When weak teams such as Bangladesh and New Zealand are involved, viewership plummets, as does advertising. Often the revenue does not go beyond Rs 8 crore for a match. Perhaps it is not surprising then that bilateral series attract advertisers with budgets as small as Rs 50 lakh to Rs 1 crore.

"Star has the ability to package things better and may have factored in the upside of digitisation," says R.C. Venkateish, former MD of ESPN-Star Sports in India. Even so, he feels the going will be tough for the broadcaster. "Not all matches are of interest," says Venkateish, who is currently the CEO of directto-home carrier Dish TV.

Amar Shankar, Associate Director of Advisory Services at Ernst & Young, a consultancy firm, acknowledges that the list of negatives around the game is rising. But he feels the analysis has to account for the as-yet-small portion of digital rights. "Online and mobile revenues would increase substantially year on year. Today, everyone is looking at content on the move," he says.

Currently, subscription revenues, earned directly from viewers through cable operators and DTH broadcasters such as Tata Sky and Dish TV, constitute just under 15 per cent of the total revenue pie. "Once they have a better handle on content and subscribers, the channel will be able to command a premium. It may be in a position to reduce dependence on advertising revenues," says Shashi Sinha, CEO of Lodestar Universal, a media buying agency.

Star will also be able to promote its more than 30 regional, Hindi and news channels through its sports channels. At least temporarily, this could help it raise viewership of programmes on these channels, as Set Max does for its general entertainment channels, including SAB, Sony and Sony Pix.

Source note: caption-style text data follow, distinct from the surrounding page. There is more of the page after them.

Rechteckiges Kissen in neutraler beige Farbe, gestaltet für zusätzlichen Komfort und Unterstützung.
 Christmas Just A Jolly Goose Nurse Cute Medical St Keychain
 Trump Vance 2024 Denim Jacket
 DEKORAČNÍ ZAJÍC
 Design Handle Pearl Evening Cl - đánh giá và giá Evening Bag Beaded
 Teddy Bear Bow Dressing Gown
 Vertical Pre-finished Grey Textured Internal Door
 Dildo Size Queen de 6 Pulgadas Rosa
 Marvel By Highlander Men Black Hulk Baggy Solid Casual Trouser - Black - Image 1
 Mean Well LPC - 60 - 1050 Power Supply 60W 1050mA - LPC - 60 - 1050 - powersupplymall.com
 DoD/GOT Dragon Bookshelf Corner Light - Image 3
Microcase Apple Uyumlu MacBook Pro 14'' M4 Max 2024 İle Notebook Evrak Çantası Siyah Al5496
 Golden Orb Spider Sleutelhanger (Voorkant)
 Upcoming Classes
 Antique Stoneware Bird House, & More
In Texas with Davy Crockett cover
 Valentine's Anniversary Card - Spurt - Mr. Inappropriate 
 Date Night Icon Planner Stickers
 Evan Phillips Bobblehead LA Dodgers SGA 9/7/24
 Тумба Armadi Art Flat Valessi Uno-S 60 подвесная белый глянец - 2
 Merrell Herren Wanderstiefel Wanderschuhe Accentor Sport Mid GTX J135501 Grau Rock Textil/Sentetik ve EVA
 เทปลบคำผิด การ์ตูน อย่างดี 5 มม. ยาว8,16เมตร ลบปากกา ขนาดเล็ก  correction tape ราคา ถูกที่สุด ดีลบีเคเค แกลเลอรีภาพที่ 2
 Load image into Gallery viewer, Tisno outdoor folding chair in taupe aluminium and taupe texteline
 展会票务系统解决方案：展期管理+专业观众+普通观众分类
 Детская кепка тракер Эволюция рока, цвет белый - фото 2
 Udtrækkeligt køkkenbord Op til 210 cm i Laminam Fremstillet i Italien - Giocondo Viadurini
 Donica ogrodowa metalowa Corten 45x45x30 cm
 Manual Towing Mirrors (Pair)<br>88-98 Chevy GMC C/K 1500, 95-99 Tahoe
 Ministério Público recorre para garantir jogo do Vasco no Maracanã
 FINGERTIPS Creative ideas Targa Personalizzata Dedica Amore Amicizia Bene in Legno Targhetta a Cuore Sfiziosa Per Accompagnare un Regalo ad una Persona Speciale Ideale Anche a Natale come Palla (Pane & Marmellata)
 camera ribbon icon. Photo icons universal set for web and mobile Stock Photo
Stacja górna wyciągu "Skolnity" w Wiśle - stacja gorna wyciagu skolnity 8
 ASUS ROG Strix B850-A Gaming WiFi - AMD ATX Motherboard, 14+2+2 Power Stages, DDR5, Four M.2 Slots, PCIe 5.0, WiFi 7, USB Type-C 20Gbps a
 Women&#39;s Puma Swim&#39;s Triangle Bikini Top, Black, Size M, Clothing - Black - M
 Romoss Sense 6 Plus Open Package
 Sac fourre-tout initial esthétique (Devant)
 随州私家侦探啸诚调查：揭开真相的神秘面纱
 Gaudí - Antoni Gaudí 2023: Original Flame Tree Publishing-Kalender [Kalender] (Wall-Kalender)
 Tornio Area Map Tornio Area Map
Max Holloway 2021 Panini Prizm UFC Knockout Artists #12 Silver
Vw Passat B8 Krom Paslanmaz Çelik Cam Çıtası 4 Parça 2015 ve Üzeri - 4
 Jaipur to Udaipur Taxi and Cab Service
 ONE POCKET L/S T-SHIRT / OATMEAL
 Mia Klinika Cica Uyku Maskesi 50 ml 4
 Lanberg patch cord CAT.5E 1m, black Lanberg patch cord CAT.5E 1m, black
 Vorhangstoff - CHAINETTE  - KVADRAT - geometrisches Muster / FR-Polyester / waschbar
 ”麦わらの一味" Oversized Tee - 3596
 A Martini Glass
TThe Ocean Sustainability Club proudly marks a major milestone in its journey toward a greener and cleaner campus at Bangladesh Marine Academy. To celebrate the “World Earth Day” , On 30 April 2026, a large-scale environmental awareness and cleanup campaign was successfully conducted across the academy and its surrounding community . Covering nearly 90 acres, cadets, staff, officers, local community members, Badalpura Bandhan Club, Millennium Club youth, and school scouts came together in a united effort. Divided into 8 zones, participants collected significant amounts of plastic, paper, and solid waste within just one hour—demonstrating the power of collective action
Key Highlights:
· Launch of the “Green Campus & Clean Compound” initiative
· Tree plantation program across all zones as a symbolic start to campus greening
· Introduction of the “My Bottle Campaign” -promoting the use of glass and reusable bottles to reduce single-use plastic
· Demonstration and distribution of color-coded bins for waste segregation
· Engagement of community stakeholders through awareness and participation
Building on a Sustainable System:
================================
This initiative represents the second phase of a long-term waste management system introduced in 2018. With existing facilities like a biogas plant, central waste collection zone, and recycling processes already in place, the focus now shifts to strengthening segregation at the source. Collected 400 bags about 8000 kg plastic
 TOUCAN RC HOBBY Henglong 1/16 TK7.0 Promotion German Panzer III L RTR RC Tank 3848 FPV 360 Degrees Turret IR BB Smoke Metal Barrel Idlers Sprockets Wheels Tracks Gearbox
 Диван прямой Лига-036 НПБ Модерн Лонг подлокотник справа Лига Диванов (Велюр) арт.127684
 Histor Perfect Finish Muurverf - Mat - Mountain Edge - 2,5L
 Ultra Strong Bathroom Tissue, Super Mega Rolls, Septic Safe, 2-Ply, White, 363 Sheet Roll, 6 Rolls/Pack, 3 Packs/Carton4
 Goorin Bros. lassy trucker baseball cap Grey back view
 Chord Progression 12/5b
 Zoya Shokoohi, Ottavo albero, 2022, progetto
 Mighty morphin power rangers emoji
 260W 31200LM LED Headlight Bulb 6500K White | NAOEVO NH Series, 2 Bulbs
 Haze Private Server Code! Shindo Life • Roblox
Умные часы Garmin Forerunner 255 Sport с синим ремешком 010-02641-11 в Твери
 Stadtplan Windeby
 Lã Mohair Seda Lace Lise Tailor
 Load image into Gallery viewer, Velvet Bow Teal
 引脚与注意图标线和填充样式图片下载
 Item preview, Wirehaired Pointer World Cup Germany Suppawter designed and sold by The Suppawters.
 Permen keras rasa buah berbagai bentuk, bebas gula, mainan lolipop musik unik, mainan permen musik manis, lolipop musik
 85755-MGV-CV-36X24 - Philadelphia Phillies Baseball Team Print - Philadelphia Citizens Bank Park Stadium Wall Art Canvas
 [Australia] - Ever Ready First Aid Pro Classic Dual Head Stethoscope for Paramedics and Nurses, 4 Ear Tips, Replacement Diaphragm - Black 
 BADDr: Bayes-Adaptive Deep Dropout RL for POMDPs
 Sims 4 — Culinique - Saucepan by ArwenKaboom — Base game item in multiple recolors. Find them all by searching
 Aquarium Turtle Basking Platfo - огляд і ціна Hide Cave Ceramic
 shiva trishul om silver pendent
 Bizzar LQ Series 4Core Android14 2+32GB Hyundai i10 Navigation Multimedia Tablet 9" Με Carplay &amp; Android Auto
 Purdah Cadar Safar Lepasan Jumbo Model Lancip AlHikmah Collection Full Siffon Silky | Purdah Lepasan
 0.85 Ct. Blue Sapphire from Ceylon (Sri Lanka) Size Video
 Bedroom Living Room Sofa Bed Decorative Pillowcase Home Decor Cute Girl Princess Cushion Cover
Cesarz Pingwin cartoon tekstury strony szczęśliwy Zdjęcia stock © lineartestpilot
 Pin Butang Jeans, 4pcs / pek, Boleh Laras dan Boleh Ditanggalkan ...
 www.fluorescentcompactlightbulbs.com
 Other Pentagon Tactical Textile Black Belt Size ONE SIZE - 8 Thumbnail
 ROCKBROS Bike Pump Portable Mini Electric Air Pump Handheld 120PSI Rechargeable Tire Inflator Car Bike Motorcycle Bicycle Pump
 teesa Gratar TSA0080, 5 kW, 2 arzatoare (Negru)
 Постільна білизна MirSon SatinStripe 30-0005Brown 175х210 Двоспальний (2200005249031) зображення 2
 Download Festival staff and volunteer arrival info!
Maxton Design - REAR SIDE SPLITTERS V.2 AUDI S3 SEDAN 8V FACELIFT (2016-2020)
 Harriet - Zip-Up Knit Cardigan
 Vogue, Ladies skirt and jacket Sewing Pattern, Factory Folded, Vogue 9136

So, what does Nimbus Communications founder Harish Thawani, the man who started it all, feel about the shift in the game? "The price of cricket is like that of a painting. The value lies in the eye of the beholder," he says. Except that the company had bought the rights in the hope of making a profit.

But cricket is a strange game. Just when it seems to be in decline, it manages to bounce back. One victory changes everything and all the bad memories are wiped clean, says Coca-Cola India's Basir. And Uday Shankar will be hoping for just that.